The executor handles the actual saving:

```python
# In PipelineExecutor._execute_steps
for output_data, name, ext in step_result.outputs:
    self.saver.save_output(name=name, data=output_data, extension=ext)

for name, artifact in step_result.artifacts.items():
    self.saver.persist_artifact(step_number, name, artifact)
```

## FAQ

**Q: Why not store charts as artifacts?**
A: Charts are outputs meant for human viewing, not pipeline replay. They don't need deduplication or content-addressing.

**Q: Where did my charts go after the refactoring?**
A: Check `workspace/exports/<dataset>_<pipeline>/`.

**Q: Can I disable chart saving?**
A: Yes! Set `save_artifacts=False, save_charts=False` when creating `PipelineRunner`.

**Q: What if two pipelines generate the same chart?**
A: Each pipeline gets its own outputs directory, so charts won't conflict.

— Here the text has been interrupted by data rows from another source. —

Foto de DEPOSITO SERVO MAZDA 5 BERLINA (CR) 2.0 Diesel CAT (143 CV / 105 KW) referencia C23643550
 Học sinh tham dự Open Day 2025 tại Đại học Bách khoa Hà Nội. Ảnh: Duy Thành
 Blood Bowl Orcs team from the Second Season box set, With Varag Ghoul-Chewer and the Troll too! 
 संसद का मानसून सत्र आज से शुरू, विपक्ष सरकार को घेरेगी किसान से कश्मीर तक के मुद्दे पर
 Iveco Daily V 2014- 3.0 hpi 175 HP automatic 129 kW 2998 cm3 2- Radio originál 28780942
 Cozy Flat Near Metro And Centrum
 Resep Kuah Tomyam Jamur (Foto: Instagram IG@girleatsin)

**Q: Can I extract artifacts to readable locations?**
A: Models are binary -- not human-readable. Use `WorkspaceStore.replay_chain()` or export to `.n4a` bundle to load them.

## Summary

| Feature | Artifacts | Outputs |
|---------|-----------|---------|
| **Purpose** | Internal binary objects | Human-readable files |
| **Location** | `artifacts/<hash[:2]>/` | `exports/<dataset>_<pipeline>/` |
| **Registry** | DuckDB `artifacts` table | On-disk files |
| **Names** | Hash-based | Human-readable |
| **Deduplication** | Yes (content-addressed) | No |
| **Easy to find** | No (use store queries) | Yes |
| **Respects save flag** | save_artifacts | save_charts |
| **Examples** | Models, transformers | Charts, reports |

This system provides the best of both worlds: efficient storage for internal objects and easy access for human outputs.